**AIM OF THE EXERCISE**:
Return each line of the records holding the string "White".
===== SUPPLIED RECORDS
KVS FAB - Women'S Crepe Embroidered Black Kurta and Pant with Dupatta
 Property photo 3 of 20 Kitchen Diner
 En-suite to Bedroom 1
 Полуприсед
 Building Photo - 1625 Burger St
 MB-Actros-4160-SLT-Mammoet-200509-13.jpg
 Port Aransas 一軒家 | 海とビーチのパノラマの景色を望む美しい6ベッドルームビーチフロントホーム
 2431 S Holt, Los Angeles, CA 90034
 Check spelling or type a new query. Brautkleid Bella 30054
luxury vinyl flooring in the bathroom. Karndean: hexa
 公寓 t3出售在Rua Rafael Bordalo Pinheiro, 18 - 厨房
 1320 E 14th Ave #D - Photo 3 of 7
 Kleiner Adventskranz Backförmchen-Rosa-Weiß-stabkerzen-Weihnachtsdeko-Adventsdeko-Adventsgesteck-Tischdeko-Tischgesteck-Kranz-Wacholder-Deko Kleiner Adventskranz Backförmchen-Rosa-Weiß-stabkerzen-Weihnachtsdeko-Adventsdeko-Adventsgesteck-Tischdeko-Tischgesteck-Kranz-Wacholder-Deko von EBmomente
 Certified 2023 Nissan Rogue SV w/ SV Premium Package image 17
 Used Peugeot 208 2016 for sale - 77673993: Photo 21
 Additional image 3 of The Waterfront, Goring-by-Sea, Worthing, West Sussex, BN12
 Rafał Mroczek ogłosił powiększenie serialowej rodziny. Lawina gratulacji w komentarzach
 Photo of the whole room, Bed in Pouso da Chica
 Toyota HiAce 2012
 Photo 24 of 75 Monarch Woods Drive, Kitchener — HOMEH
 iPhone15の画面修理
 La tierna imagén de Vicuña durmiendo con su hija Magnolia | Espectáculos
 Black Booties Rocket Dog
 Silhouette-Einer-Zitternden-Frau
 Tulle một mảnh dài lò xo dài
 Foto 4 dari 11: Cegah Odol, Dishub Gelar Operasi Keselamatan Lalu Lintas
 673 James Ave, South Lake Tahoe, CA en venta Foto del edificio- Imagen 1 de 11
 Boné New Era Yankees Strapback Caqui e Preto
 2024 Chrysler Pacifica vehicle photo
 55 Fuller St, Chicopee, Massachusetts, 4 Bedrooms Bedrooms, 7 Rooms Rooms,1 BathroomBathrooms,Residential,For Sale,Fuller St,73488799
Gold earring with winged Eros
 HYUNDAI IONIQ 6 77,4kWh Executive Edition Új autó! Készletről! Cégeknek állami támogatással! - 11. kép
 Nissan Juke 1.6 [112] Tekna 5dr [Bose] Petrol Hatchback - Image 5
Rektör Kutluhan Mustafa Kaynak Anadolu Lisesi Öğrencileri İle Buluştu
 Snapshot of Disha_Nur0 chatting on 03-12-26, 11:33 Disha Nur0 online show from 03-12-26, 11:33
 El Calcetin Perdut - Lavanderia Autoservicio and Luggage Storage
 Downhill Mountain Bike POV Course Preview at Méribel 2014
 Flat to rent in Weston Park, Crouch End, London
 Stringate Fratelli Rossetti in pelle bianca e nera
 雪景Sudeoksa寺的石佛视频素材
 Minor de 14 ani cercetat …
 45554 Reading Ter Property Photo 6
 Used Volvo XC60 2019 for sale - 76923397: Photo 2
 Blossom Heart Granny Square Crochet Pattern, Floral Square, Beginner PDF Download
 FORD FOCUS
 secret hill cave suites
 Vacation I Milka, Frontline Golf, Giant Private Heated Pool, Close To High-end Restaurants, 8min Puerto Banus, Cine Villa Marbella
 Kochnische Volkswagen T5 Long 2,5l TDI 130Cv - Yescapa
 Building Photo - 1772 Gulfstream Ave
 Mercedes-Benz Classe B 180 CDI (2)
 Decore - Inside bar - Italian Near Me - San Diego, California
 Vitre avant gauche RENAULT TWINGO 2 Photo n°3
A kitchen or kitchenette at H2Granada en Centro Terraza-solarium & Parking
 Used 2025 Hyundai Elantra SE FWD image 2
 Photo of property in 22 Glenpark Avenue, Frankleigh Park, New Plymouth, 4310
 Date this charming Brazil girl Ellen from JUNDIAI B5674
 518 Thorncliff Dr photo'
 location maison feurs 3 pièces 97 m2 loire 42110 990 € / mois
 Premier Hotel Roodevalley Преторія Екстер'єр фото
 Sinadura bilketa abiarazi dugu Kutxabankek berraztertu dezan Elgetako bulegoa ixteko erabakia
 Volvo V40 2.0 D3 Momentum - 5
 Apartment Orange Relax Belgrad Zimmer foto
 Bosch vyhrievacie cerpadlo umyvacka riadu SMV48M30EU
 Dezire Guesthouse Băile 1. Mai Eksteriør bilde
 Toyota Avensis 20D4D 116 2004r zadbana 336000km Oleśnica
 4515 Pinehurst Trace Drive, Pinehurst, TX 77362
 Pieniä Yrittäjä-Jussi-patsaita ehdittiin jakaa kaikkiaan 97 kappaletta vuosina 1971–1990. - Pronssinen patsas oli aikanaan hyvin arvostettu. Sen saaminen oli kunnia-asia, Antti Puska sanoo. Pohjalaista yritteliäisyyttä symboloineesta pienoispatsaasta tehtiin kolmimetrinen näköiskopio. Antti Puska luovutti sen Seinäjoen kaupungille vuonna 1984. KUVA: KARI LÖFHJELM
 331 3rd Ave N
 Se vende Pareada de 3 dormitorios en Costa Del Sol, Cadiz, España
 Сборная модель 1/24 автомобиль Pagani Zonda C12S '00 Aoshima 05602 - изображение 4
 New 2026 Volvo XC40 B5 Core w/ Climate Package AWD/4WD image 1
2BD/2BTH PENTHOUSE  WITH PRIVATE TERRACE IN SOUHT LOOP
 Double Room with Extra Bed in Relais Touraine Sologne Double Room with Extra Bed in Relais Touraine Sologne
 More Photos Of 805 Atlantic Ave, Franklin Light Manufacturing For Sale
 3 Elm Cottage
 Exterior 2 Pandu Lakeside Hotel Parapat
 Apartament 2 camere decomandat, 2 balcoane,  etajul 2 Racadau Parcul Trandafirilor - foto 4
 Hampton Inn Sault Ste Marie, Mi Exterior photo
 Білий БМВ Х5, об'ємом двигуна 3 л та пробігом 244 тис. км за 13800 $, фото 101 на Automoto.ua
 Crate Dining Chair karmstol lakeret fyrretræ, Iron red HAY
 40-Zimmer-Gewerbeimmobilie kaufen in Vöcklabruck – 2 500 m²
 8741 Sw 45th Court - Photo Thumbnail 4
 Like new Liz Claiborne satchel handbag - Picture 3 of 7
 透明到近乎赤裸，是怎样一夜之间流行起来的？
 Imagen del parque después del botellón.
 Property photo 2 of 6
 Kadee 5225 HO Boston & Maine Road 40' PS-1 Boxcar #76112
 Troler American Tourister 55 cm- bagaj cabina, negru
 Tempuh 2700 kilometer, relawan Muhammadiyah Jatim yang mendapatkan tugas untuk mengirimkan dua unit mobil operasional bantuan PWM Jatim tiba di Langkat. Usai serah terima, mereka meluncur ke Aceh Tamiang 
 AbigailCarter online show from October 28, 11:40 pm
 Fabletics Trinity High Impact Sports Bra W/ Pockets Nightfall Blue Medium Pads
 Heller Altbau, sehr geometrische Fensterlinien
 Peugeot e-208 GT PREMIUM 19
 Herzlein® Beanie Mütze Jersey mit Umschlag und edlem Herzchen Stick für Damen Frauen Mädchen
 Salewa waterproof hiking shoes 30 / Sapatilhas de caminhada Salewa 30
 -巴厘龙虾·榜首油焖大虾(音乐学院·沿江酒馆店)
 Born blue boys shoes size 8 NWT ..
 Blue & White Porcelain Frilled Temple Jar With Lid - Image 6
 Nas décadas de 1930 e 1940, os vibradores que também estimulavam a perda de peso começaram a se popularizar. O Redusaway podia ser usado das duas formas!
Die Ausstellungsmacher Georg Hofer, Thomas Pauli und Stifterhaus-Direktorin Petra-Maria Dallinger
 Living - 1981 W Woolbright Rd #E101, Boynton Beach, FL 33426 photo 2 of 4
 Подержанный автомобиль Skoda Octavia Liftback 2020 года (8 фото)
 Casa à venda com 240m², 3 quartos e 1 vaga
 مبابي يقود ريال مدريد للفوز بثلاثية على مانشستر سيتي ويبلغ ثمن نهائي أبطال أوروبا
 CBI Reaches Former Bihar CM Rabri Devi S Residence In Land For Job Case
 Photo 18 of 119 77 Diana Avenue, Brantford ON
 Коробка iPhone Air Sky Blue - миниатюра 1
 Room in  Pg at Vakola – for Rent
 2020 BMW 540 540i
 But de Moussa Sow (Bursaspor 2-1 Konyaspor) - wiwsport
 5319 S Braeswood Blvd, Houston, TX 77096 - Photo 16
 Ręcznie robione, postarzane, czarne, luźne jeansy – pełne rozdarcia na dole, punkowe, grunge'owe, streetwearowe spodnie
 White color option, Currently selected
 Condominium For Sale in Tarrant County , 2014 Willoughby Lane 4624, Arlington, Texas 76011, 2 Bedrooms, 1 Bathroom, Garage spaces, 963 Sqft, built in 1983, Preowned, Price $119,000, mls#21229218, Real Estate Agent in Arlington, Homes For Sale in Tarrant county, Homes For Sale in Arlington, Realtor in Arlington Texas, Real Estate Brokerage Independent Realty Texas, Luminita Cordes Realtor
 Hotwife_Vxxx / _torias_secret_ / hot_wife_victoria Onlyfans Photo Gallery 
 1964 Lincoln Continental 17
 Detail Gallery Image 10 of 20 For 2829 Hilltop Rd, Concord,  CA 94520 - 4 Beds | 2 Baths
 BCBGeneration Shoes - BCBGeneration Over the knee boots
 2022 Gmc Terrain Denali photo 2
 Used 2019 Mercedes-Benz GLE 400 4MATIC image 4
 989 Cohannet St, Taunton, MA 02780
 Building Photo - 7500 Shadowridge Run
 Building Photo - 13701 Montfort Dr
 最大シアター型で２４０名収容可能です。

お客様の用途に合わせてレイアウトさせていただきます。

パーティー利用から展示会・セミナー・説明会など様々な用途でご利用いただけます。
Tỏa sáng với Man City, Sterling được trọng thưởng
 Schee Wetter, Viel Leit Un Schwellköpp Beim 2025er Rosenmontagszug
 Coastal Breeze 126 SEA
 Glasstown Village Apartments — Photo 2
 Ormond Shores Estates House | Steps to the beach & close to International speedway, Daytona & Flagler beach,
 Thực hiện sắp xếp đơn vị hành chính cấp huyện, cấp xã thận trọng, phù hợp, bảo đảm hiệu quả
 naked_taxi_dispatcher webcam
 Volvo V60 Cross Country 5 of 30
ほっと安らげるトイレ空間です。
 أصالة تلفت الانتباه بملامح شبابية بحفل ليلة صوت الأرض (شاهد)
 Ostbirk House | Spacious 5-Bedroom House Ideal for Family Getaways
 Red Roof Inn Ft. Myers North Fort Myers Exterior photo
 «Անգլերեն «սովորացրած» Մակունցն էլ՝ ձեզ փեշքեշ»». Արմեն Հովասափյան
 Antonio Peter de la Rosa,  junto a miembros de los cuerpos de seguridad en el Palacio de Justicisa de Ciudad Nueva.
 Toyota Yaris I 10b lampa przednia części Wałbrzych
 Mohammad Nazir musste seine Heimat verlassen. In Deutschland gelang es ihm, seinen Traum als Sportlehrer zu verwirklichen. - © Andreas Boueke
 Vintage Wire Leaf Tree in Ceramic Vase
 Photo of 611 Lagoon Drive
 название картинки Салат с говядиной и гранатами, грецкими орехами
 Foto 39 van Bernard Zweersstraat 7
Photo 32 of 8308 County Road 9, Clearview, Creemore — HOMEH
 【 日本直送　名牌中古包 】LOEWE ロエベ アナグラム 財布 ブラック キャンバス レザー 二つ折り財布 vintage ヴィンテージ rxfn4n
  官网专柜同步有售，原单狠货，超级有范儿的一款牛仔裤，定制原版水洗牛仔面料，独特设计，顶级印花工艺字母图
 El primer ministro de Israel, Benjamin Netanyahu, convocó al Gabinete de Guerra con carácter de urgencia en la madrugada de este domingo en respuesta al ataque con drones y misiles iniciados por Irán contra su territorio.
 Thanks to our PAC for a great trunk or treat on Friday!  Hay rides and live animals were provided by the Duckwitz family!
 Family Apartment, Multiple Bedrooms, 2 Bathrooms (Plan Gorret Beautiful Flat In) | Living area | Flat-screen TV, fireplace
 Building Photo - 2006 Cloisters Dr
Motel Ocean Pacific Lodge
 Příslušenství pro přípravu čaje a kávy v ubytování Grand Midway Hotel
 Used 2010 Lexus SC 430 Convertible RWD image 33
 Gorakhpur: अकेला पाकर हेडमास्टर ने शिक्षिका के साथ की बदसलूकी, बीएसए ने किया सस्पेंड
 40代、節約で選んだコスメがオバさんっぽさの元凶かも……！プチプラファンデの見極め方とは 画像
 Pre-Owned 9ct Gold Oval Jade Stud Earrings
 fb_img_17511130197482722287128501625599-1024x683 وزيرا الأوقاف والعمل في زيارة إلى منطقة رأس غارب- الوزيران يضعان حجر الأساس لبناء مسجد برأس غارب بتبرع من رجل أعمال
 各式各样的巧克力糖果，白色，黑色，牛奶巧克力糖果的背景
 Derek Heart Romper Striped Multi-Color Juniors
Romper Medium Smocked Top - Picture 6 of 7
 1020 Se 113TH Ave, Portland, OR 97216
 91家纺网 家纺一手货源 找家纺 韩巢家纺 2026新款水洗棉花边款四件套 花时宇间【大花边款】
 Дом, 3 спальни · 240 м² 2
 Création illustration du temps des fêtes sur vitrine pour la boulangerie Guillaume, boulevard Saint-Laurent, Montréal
==========
**ANSWER FOR THE TASK**:
 Blue & White Porcelain Frilled Temple Jar With Lid - Image 6
 White color option, Currently selected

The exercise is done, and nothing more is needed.